Niesamowity Arsenal pokonuje Reading 7-5!
30.10.2012, 21:47, Marcin Stefaniak 3202 komentarzy
Futbol potrafi pisać niesamowite scenariusze, ale to, co wydarzyło się dzisiejszego wieczora na Madejski Stadium na długo pozostanie w pamięci wszystkich Kanonierów. Trudno było uwierzyć w to, że przegrywając 0-4 podopieczni Wengera zdołają zrobić cokolwiek, a ostatecznie, po fenomenalnej grze w drugiej połowie i w dogrywce wygrali z Reading 7-5!
Zobacz obszerny skrót tego pojedynku
Składy:
Arsenal: Martinez; Jenkinson, Djourou (c), Miquel, Koscielny; Arshavin, Frimpong, Gnabry, Coquelin; Chamakh, Walcott.
Reading:
Federici; Gunter, Shorey, Gorkss (c), Morrison; Leigertwood, Tabb, McCleary, Robson-Kanu; Hunt, Roberts.
Już od pierwszych minut można było zobaczyć, która z drużyn naprawdę ma ochotę do gry i chce walczyć o awans do ćwierćfinału. Gospodarze już w 2. minucie stworzyli sobie pierwszą dogodną sytuację, ale Martinez obronił strzał po rzucie rożnym.
The Royals nie musieli jednak czekać długo i już w 12. minucie wyszli na prowadzenie za sprawą Jasona Robertsa, który pokonał Martineza z najbliższej odległości.
Wydawać by się mogło, że bramka zmusi Kanonierów do odpowiedzi i pozwoli im na wejście w mecz. Nic takiego się jednak nie stało i nadal zaostrzała się przewaga podopiecznych McDermotta.
6 minut później było już 2-0. Na prawej stronie świetną akcję przeprowadzili dwaj zawodnicy Reading, a po dośrodkowaniu piłkę do własnej bramki wbił Laurent Koscielny.
60 sekund później wszyscy fani Arsenalu po raz kolejny musieli przecierać oczy ze zdumienia, gdyż po indywidualnej akcji i strzale Mikele Leigertwooda niefortunnie interweniował Damian Martinez, kierując piłkę do własnej siatki.
Koszmar Arsenalu nie miał jednak końca. Kanonierzy co prawda chociaż przez chwilę zaczęli przeważać i starali się grać z piłką, jednak nic z tego nie wynikało.
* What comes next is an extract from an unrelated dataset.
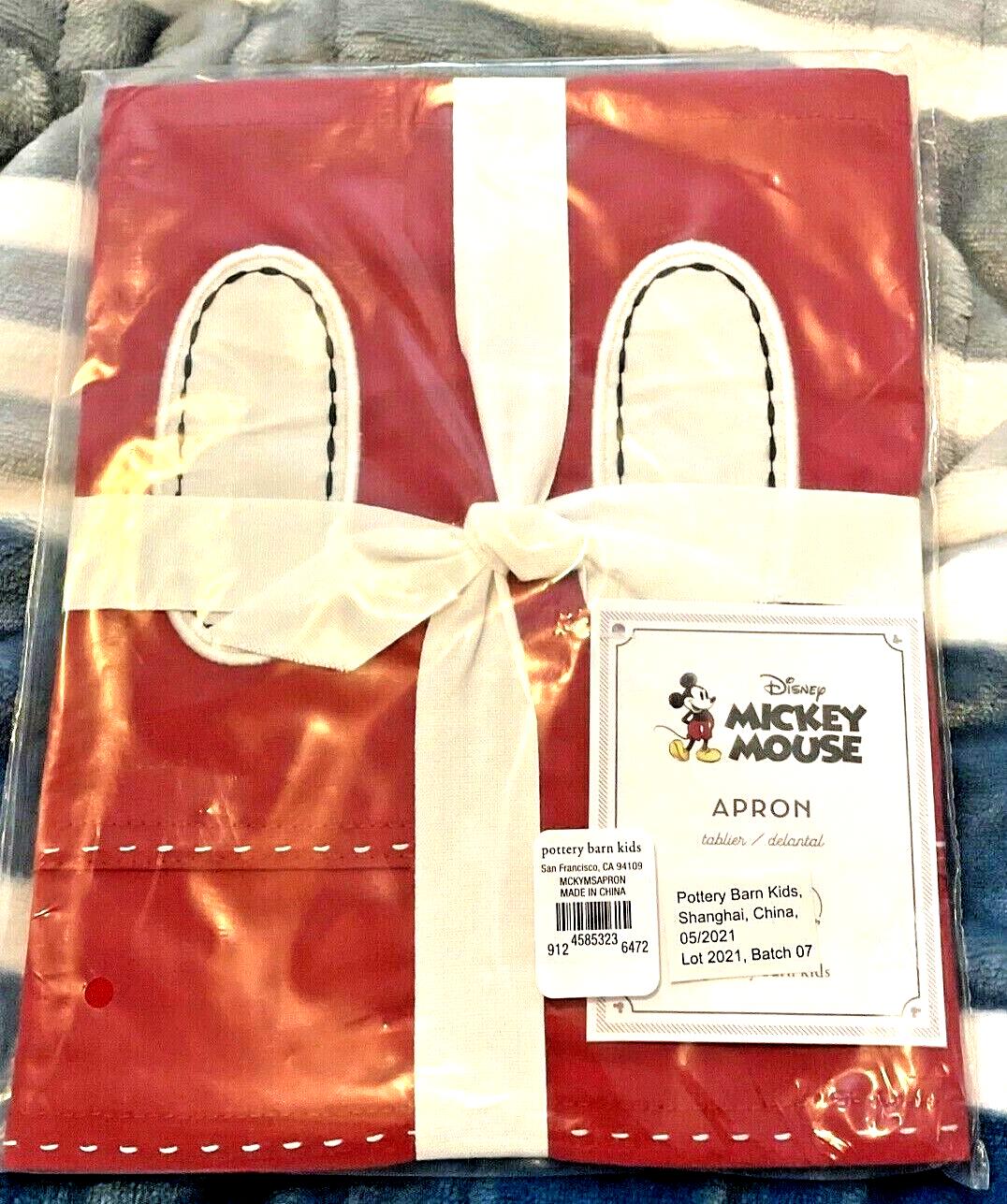 Disney Pottery Barn Mickey Mouse holiday Thanksgiving Apron Birthday gift party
W 37. minucie udany kontratak przeprowadzili zawodnicy McDermotta. Po dośrodkowaniu Garatha McCleary'ego piłkę głową uderzał Noel Hunt, futbolówka odbiła się jeszcze od słupka i Martinez musiał ją wyciągać z siatki po raz czwarty
W ostatniej minucie pierwszej połowy Theo Walcott zmniejszył stratę do trzech goli. Całą akcję rozpoczął Andriej Arszawin, który zagrał do Anglika, ten natomiast nie miał większych problemów z pokonaniem Federiciego w sytuacji sam na sam.
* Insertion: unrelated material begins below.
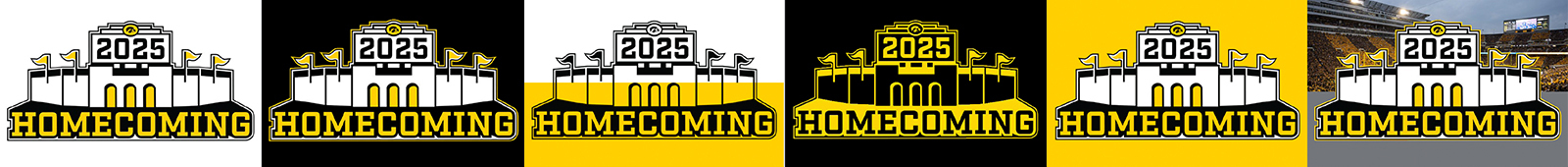 2025 Homecoming logo variations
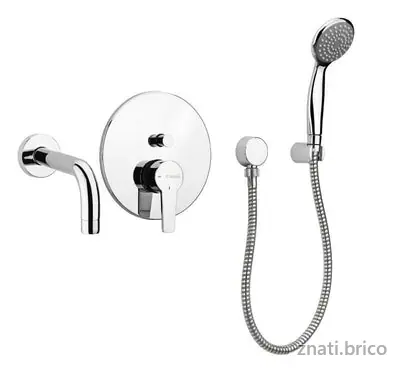 Mitigeur de bain-douche encastré Douz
Od początku drugiej połowy Kanonierzy zaprezentowali całkowicie innej podejście do meczu i od pierwszych minut rzucili się ze szturmowymi atakami na Reading.
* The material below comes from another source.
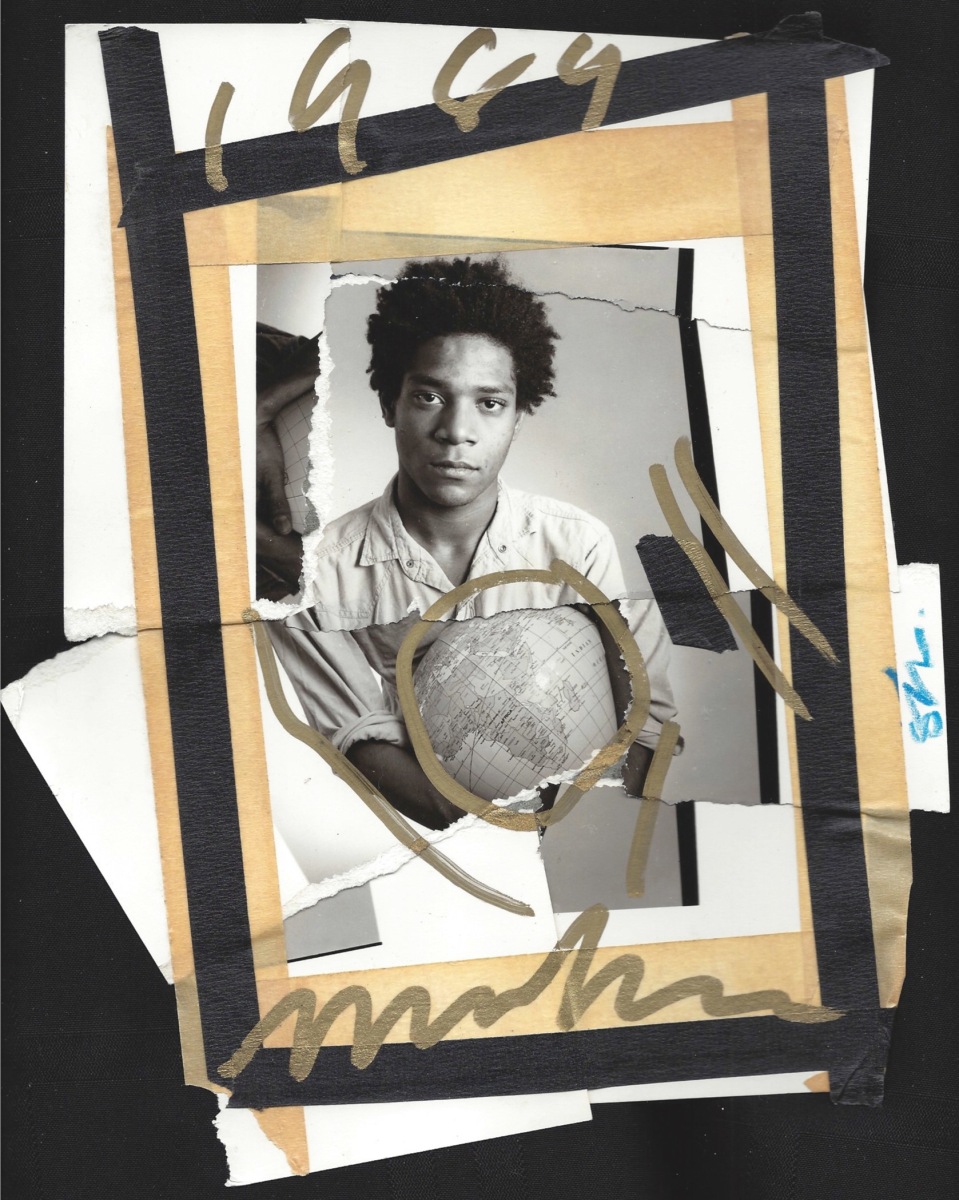 Christopher Makos, Basquiat Collage 3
Na gola musieliśmy jednak czekać do 65. minuty, kiedy to po świetnie wykonanym przez Theo Walcotta rzucie rożnym do bramki trafił Olivier Giroud, który pojawił się na boisku minutę wcześniej.
Przez kolejne minuty podopieczni Wengera nadal starali się zyskać przewagę nad przeciwnikiem, ale za nic nie mogli pokonać Federiciego. Dwukrotnie bliski szczęścia był Giroud, ale golkiper Reading popisał się dobrymi interwencjami.
Nadzieje kibiców powoli gasły, jednak w 89. minucie kolejny rzut rożny na bramkę zamienili Kanonierzy. Z najbliższej odległości Federiciego pokonał Laurent Koscielny.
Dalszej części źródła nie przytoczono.